- [To do]
No pictures go into the copy. Write out exactly the lines below from the one containing "Magnet Tagnetic:Grateful Heart 6407" through the one containing "Elegant Studio At Ortigas Business District".

-- Dataset content follows --

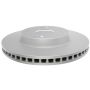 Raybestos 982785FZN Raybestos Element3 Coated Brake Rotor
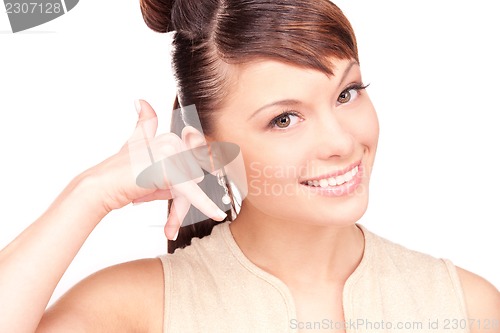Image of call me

-- Dataset content concluded --
-- Dataset content follows --

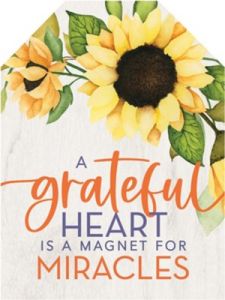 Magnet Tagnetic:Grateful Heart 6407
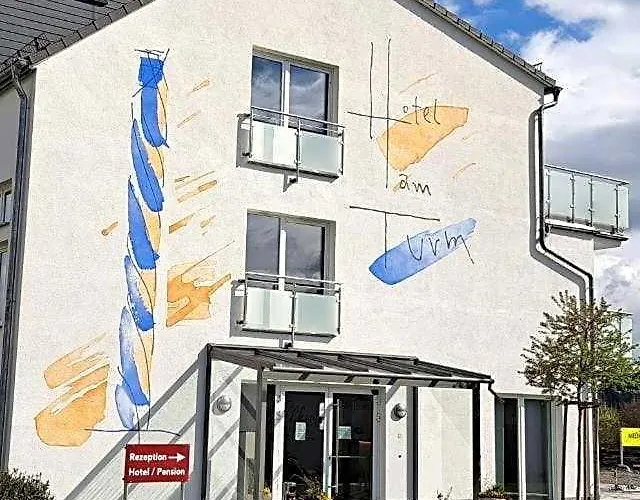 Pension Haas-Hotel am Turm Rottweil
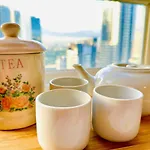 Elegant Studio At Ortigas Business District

-- Dataset content concluded --

- [Final answer]
 Magnet Tagnetic:Grateful Heart 6407
 Pension Haas-Hotel am Turm Rottweil
 Elegant Studio At Ortigas Business District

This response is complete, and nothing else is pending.